1.2 Check table in public schema

Postgres divides the internal table into three schemas. 

 

  • pg_catalog : system catalog tables
  • information_schema : information catalog tables
  • public : default schema for user created tables

 

The table generated by the user through the CREATE TABLE command statement is automatically assigned to the puclic schema. Therefore, to find the table name according to the type inside the pg_tables, use pg_catalog.pg_tables. 

 

import psycopg2
conn = psycopg2.connect(dbname="hud", user="hud_admin", password="hud_pwd") 
cursor = conn.cursor() 

cursor.execute("""
    SELECT tablename 
      FROM pg_catalog.pg_tables 
     WHERE schemaname NOT IN ('pg_catalog', 'information_schema') 
     ORDER BY tablename; 
""")

table_names = fursor.fetchall() 
print(f"The number of table user created : {table_names}")

for table in table_names: 
    print(table)

 

1.3 Check types of column in tables

When we need to check the type of internal data for two or more tables identified by the public schema, we can use for loop to write efficient code. However, the second positional argument of the cursor.execute() method must be used because SQL injection problems occur to use string formatting.

 

However, if the table name is written as string data and entered, the Postgres engine does not recognize the table name written with double quotes.
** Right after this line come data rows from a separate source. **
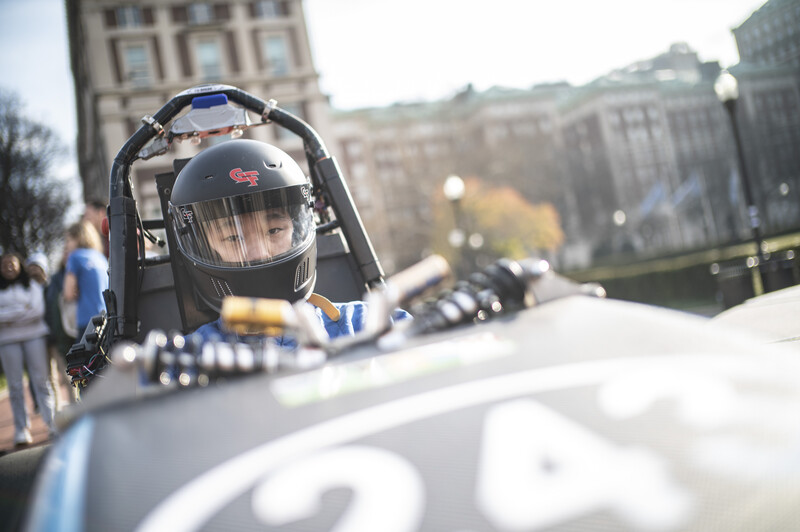 Dragster driver in full helmet and racing suit sits in cockpit of high-performance race car.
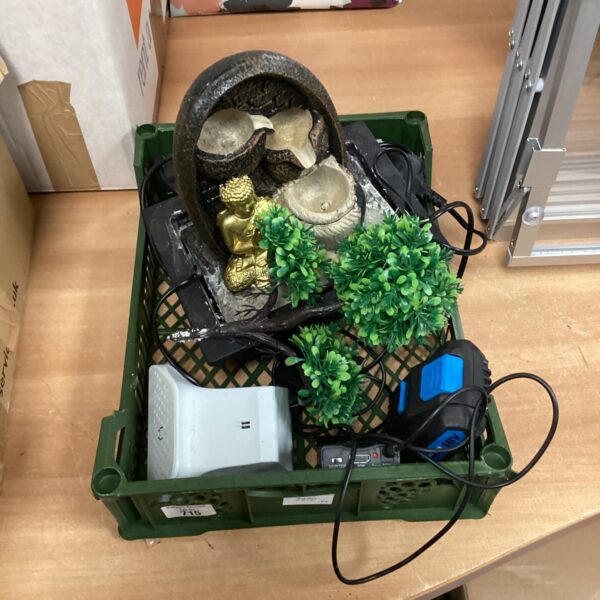 Tray of mixed indoor water feature components with pump and foliage.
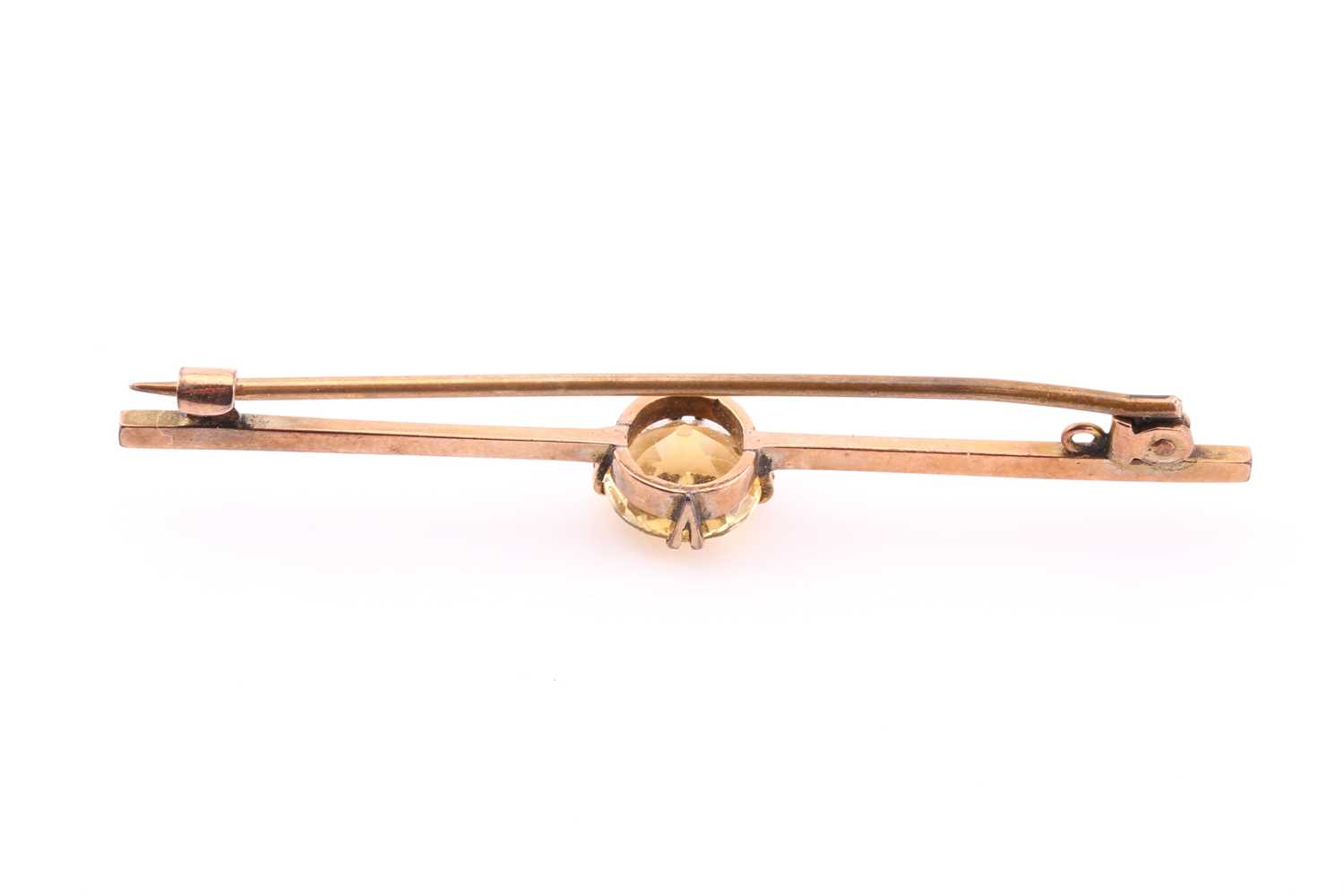 A yellow metal and citrine bar brooch, set with a mixed round-cut stone, approximately 8.7 mm - Image 2 of 2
The AsIs module in psycopg2.extensions package converts data so that Postgres can recognize the input string as it is in table name.

 

# Get description of each table 
import psycopg2
conn = psycopg2.connect(dbname="hud", user="hud_user", password="hud_pwd") 
cursor = conn.cursor() 

from psycopg2.extensions import AsIs
col_descriptions = {} 

for table in table_names: 
    # We've done this in Optimizing data type in table section 
    cursor.execute("SELECT * FROM %s LIMIT 0;", (AsIs(table))
    col_description[table] = cursor.description

conn.close()

 

Since cursor.description returns the data type as type_code, it is necessary to switch to a human-readable typename. The pg_type of pg_catalog schema is a table that stores type_code:typename.

 

import psycopg2
conn = psycopg2.connect(dbname="hud", user="hud_admin", password="hud_pwd") 
cursor = conn.cursor() 

cursor.execute("SELECT oid, typename FROM pg_catalog.pg_type;") 
type_mappings = {int(oid) : typename for oid, typename in cursor.fetchall()}

 

2. Readable Descriptions

In summary, the Postgres database is divided into public, system catalog, and information schema, and each schema stores table about user-generated tables, system catalog information, and table information. The pg_table in the pg_catalog schema saves the table, pg_catalog.pg_type has information about the data type, and the cursor descriptions returns the data type of the entered table.

 

The workflow of making readable descriptions is as following :

 

  1. Extract the table name from inside the schema named 'public' and store it in table_names.
  2. Create col_descriptions that store the table name and type_code according to the table.
  3. Generates a type_mappings dictionary matched by type_code : typename.
  4. According to the table name, it has the main key of 'column' and 'number of rows', and inside the column key, it creates a list that stores the column name, type, and internal size in dictionary form.

 

import psycopg2
conn = psycopg2.connect(dbname="hud", user="hud_admin", password="hud_pwd") 
cursor = conn.cursor() 

# Find table in public schema 
cursor.execute("""
    SELECT tablename 
      FROM pg_catalog.pg_tables 
     WHERE schemaname NOT IN ('pg_catalog', 'information_schema') 
     ORDER BY tablename; 
""")
table_names = cursor.fetchall() 

# Make description dictionary store table as key 
from psycopg2.extensions import AsIs
col_description = {} 
for table in table_names: 
    cursor.execute("SELECT * FROM %s LIMIT 0;", (AsIs(table[0]),))
    col_description[table] = cursor.description
    
# Make type_code:typename mapping dictionary
cursor.execute("SELECT oid, typename FROM pg_catalog.pg_type;")
type_mappings = {int(oid) : typename for oid, typename in cursor.fetchall()}

# Make final readable description 
readable_description = {} 
for table in table_names: 
    cursor.execute("SELECT COUNT(*) FROM %s, (AsIs(table[0]),))
    readable_description[table] = {
        'columns' : [{
            'name' : col.name,
            'type' : type_mappings[col.type_code], 
            'internal_size' : col.internal_size
        } for col in col_description[table],
        'number_of_rows' : cursor.fetchone()[0]]
        
    }

 

3. Store result in JSON format

Metadata extracted from the Postgres database for the public table was stored in readable_description. A format in which data stored in a dictionary type is easily read is called a JSON format. The command to store dictionary as JSON format is the json.dumps() method, and the method to store JSON format as dictionary is the json.loads().

 

import json

json_description = json.dumps(readable_description, indent=4) 
print(json_description)